Roadmap

A preview of the major architectural updates that are coming in 2026.

Phase 1: Management Layer Redesign

One of the core principles of Panfactum is that everything that our framework creates is configured via IaC.

This gives our users complete transparency into what is happening under the hood and enables users to truly make each deployment their own by extending our foundational layer or even customizing the internals. Moreover, it is proven to be an extremely good pattern to enable our users’ coding agents to easily integrate with our systems and have a full perspective of what is going on under the hood.

That said, as we have scaled over the last year and observed how users interacted with the PNCF systems, it has become clear that some of our initial design decisions are not sufficient for the experiences that we are hoping to enable.

Issues

Version Incompatibility

Historically, we only provide a mechanism to use a single local DevShell version, and we only make the guarantee that this would work with deployed infrastructure of the same version. This was fine when we were first starting out, but as we’ve now gone through several upgrade cycles, the ergonomics around staged upgrades (dev -> staging -> prod) frankly sucks. Moreover, staged upgrading is the only reasonable approach to upgrading your core cloud platform infrastructure.

In practice, upgrading the DevShell in order to upgrade a lower environment would leave the DevShell unable to work with other environments like production.

It is clear that we need to update our patterns to enable different environments to run on different versions seamlessly.

Missing Configuration-as-code Automations

Historically, we have used Terragrunt as the configuration-as-code layer. While Terragrunt is an amazing project, we are beginning to hit insurmountable limits:

The HCL configuration language that Terragrunt uses does not lend itself well to complex automations.
We want to enable a future where users can simply run pf upgrade, pf install, and pf configure to control their infrastructure rather than having to dig through documentation to figure out how things should be configured to work.
After having tried many different approaches to doing that with HCL, we have reached the conclusion that it is not possible while preserving the user ergonomics that we want.
We have complex automations to safely and securely inject the right configuration and credentials into each IaC deployment process. The API surface that Terragrunt exposes makes this possible, but only in a way that is extremely inefficient.
We are seeing users with moderately sized footprints have to wait 10+ seconds simply to run the configuration initialization required for any IaC command.
This latency creates a very poor interactive DX and adds significant time to CI/CD pipelines. With a runner optimized for Panfactum, this process could occur in milliseconds.
While the Terragrunt API surface is broad, it is still missing key features that would be fairly difficult to bolt-on without patching Terragrunt itself. To name a few: content-addressed storage for downloaded modules, the ability to change the AWS profile in sops-encrypted files, the ability to quickly render the resolved module inputs, the ability to store runner logs in a centralized manner for quick auditing and debugging, etc.

Daemon-less DevShell

Currently, the DevShell is relatively inert. In other words, when you load into it, nothing is actively running in the background and every CLI invocation must construct an entire view of your project from scratch to begin doing useful work.

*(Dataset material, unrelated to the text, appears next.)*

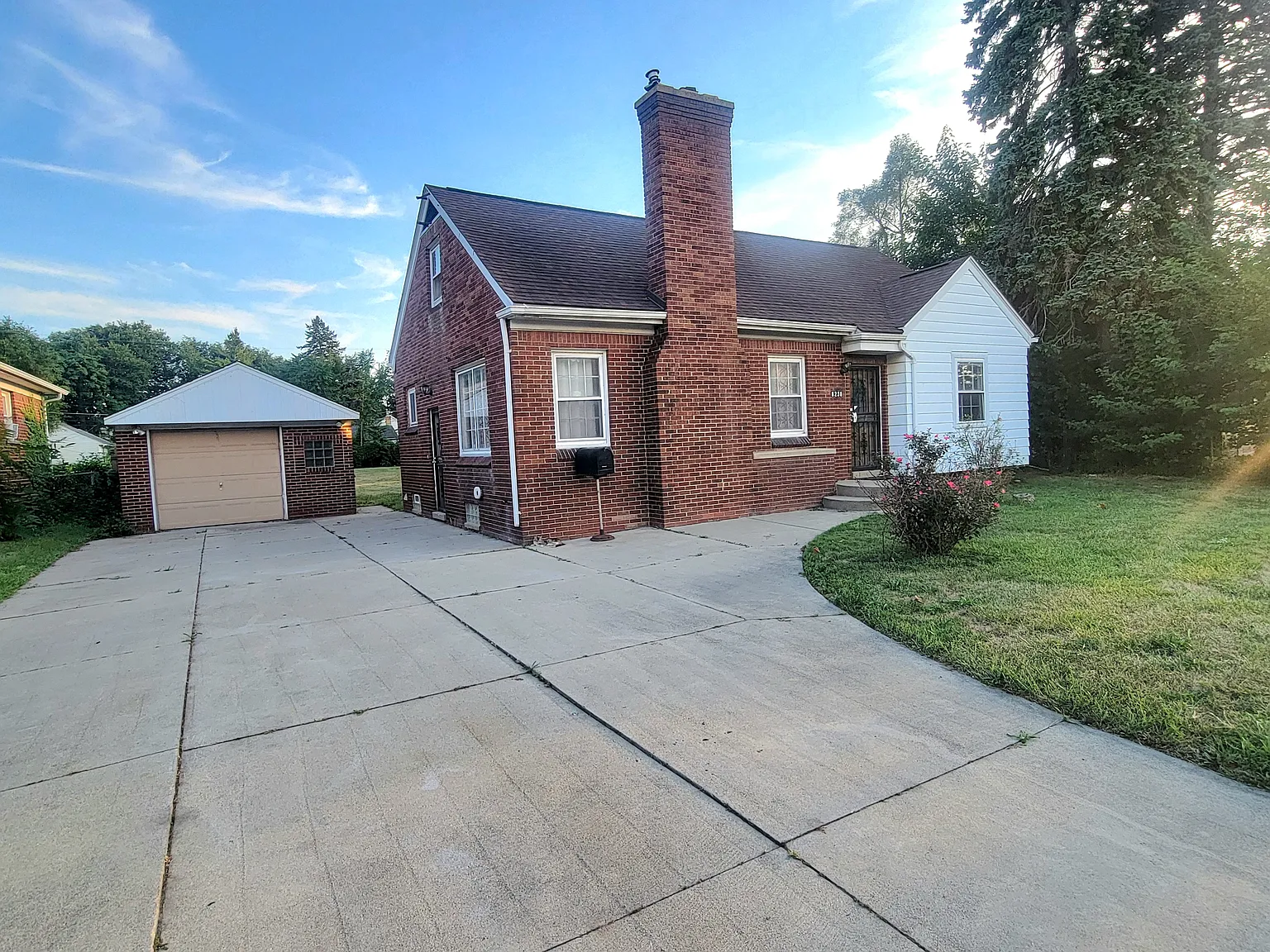3 bed, 1.5 bath, 1200 sqft, $1,550 — Photo 2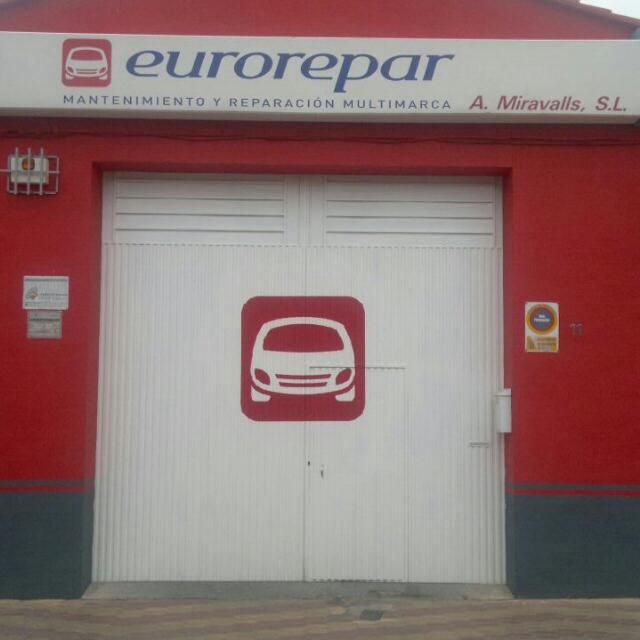 AutoMiravalls — Exterior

While this made it easy for us to launch the framework, we are now hitting the limits of this pattern:

The local DevShell is becoming more stateful. We are no longer just deploying Terraform, we are managing tunnels, managing credentials, managing workflows that cannot fit nicely into IaC like environment bootstrapping, and would like to begin providing utilities like LSPs, etc.
While it is possible to do multi-process coordination without a central daemon, this approach is significantly more complex than having a central well-defined daemon have a consistent view of the system and execute the appropriate work.
Multi-process coordination inherently adds latency to every operation. Moreover, some operations such as hooks are impossible to implement without a central daemon observing every system change.
Credential management does not meet our security standard. Without a daemon, we are forced to write credentials to disk which is a major vector of security problems. While this is common industry practice, we want to deliver on our promise of being the most secure framework for infrastructure management.

Discoverability

While there is a lot of power packed into CNCF, the framework fails to provide mechanisms to quickly answer pretty basic questions that one would expect from a vertically-integrated project like ours.

Some recurring examples:

What should I install next?
What are the inputs to this module?
Does this configuration have any issues?
What permissions do I have?
How do I connect to live infrastructure?

This problem is exacerbated in larger organizations with users of all levels of backgrounds and skill levels in infrastructure management.

Observability

Over the last year we have added some amazing automations to the framework. We have been able to take 10,000+ word guides and transform them into single CLI commands.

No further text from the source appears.